# Vancouver or Toronto area?



## Mick68 (Mar 11, 2011)

Hi, myself and my wife are in the process of applying under the federal skilled worker category. We would very much appreciate any advice regarding small towns and communities around the Toronto and Vancouver areas. We will be bringing 2 dogs and 2 cats with us so would prefer somewhere where real estate properties are available with land. We have narrowed our search down to Toronto or Vancouver and are fully aware they are completely different and offer substantially different Options but do not really know where to start our search! we are also aware a commute for work would be required which isn't a problem if we were to live out of the city areas. 
Any advise regarding small towns and communities around these two cities would be invaluable. 
Many thanks in advance
Michael.


----------



## Auld Yin (Mar 10, 2009)

Mick68 said:


> Hi, myself and my wife are in the process of applying under the federal skilled worker category. We would very much appreciate any advice regarding small towns and communities around the Toronto and Vancouver areas. We will be bringing 2 dogs and 2 cats with us so would prefer somewhere where real estate properties are available with land. We have narrowed our search down to Toronto or Vancouver and are fully aware they are completely different and offer substantially different Options but do not really know where to start our search! we are also aware a commute for work would be required which isn't a problem if we were to live out of the city areas.
> Any advise regarding small towns and communities around these two cities would be invaluable.
> Many thanks in advance
> Michael.


As you pointed out two quite diverse areas. I can give you information about the surrounding Toronto countryside but really you need to visit Canada and determine for yourselves which area would provide the lifestyle you're seeking.


----------



## Mick68 (Mar 11, 2011)

Auld Yin said:


> As you pointed out two quite diverse areas. I can give you information about the surrounding Toronto countryside but really you need to visit Canada and determine for yourselves which area would provide the lifestyle you're seeking.

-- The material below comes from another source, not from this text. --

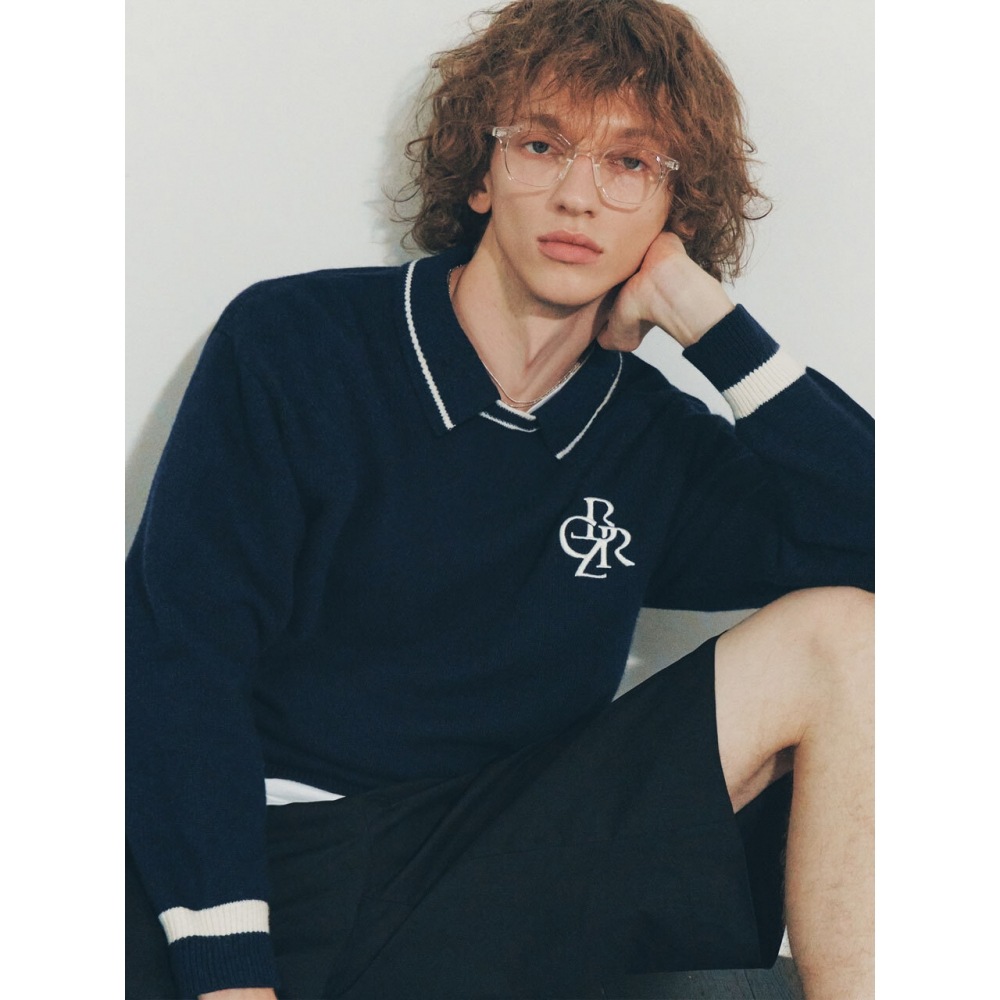 CITYBREEZE for MEN ラムスウールカラーカラーニット NAVY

Thanks for the reply Auld Yin, we are planning a visit around may-June this year, any information regarding the Toronto countryside would be fantastic.
Thanks for taking the time,
Michael.


----------



## Auld Yin (Mar 10, 2009)

Mick68 said:


> Thanks for the reply Auld Yin, we are planning a visit around may-June this year, any information regarding the Toronto countryside would be fantastic.
> Thanks for taking the time,
> Michael.


Well Ontario (Toronto) is as different from BC as night is from day. Ontario is relatively flat whereas BC is mountainous and has an ocean coast.
Ontario around Toronto has much very good farmland with many small farms. A friend just bought a very nice 100 acre farm with a lovely house on site. Cost was $400,000 and within commuting distance of the city. It is not a crop farm but good for animals such as cattle and sheep. Toronto is the country's financial centre consequently has the bulk of jobs in most professions. Close to the US border (2 hours).


----------



## Mick68 (Mar 11, 2011)

Auld Yin said:


> Well Ontario (Toronto) is as different from BC as night is from day. Ontario is relatively flat whereas BC is mountainous and has an ocean coast.
> Ontario around Toronto has much very good farmland with many small farms. A friend just bought a very nice 100 acre farm with a lovely house on site. Cost was $400,000 and within commuting distance of the city. It is not a crop farm but good for animals such as cattle and sheep. Toronto is the country's financial centre consequently has the bulk of jobs in most professions. Close to the US border (2 hours).


Thanks Auld Yin,
Any chance you could name a few of the areas you talk about so I could investigate further?
Thanks so much


----------